The cerebellum seemed like a prime candidate area for the gene’s involvement, says Keiichi Nakayama, professor of molecular and cell biology at Kyushu University in Fukuoka, Japan, who led the new study. Previous studies showed that removing other autism-related genes, including TSC1, SHANK2 and PTEN, from this region causes social difficulties in mice.

“But our study shows that CHD8 deficiency in the cerebellum is not related to [autism traits],” Nakayama says.

Still, the findings provide evidence that disrupting CHD8 in particular cell types can seriously impair development of the cerebellum and contribute to motor coordination problems, says Alex Nord, associate professor of neurobiology, physiology and behavior at the University of California, Davis, who was not involved in the study.

“It’s a negative result,” Nakayama says. “But it’s an important one.”

Gene tinkering:

Nakayama’s team began by engineering mice that were missing both copies of CHD8 in neural stem cells, which give rise to neurons throughout the brain. These mice had slowed growth, reduced body weight and malformations of the cerebellum compared with control mice.
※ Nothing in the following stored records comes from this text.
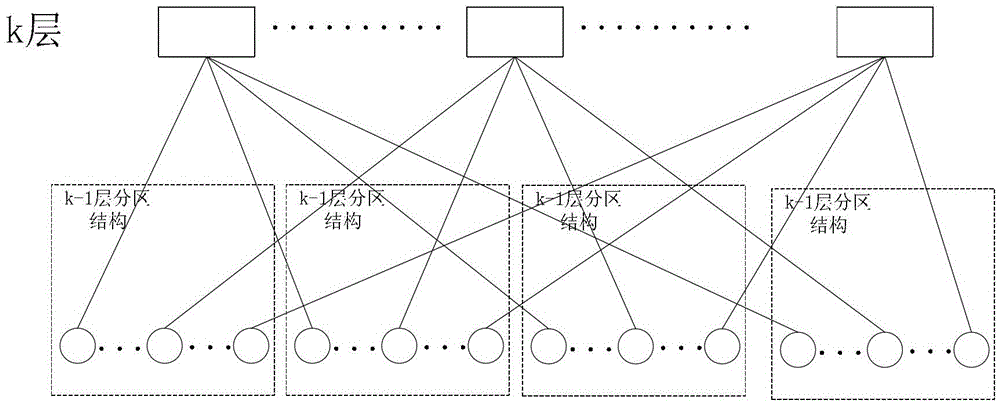 A data center network topology and routing method thereof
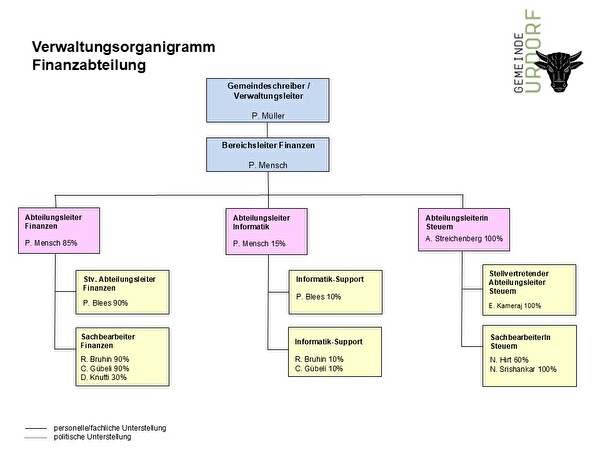 Organigramm Finanzen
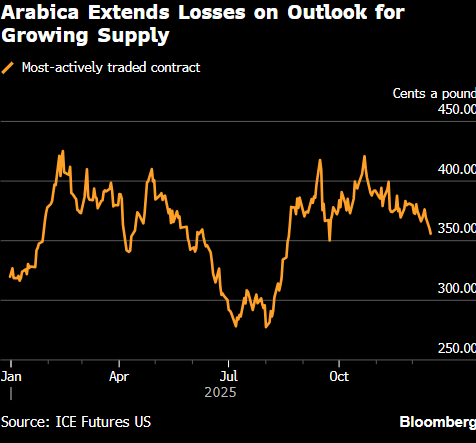 阿拉比卡咖啡延续跌势 受供应量增长预期影响  第1张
The team then targeted specific cell types that make up the cerebellum. Deleting the gene from neurons called Purkinje cells, which send information from the cerebellum to other brain regions, had virtually no effect on cerebellar development, they found. However, mice missing the gene in cerebellar granule cells — tiny, densely packed cells that make up around three-quarters of brain neurons — had unusually small cerebellums.

The granule cells in these mice divided less and differentiated prematurely compared with such cells in control mice. The cells also showed dampened signaling to other neurons.

Compared with control mice, those lacking CHD8 in granule cells performed poorly on tests requiring balance and coordination but showed no difference on tasks that assess social behaviors.

The results appeared in Cell Reports in April.

Under construction:

The findings show that CHD8’s loss may cause significant structural changes to the cerebellum in autistic people, says Peter Tsai, assistant professor of neurology at the University of Texas Southwestern in Dallas, who was not involved in the study. He also says it’s still too soon to rule out the cerebellum’s involvement in shaping autism-related behaviors.

The granule neurons targeted in the study are located largely in the frontal region of the cerebellum, an area critical for regulating movements. Targeting granule neurons in more posterior regions of the cerebellum, which are associated with social and behavioral processes, might have resulted in autism-related traits in the mice, Tsai says.

He also questions the Purkinje cell results: The study looked at how CHD8 deletion affected these cells from 6 days after birth onward, but it’s possible that targeting the cells earlier in development would have produced different results, he says.

“[Purkinje cells] really may just not have a role,” Tsai says. “But I think with the caveat that it may actually have a role earlier in development and just we don’t know.”

Both limitations reflect inherent constraints of the genetic tools the team used, Nord says. An interesting alternative approach might involve introducing a virus into the cerebellum to selectively target specific cells or regions, he adds.

Nakayama says his team plans to conduct studies to look at how CHD8 mutations may be implicated in other brain regions and cell types. In particular, his team is interested in exploring the effects CHD8 may have on other regions of the brain such as the prefrontal cortex.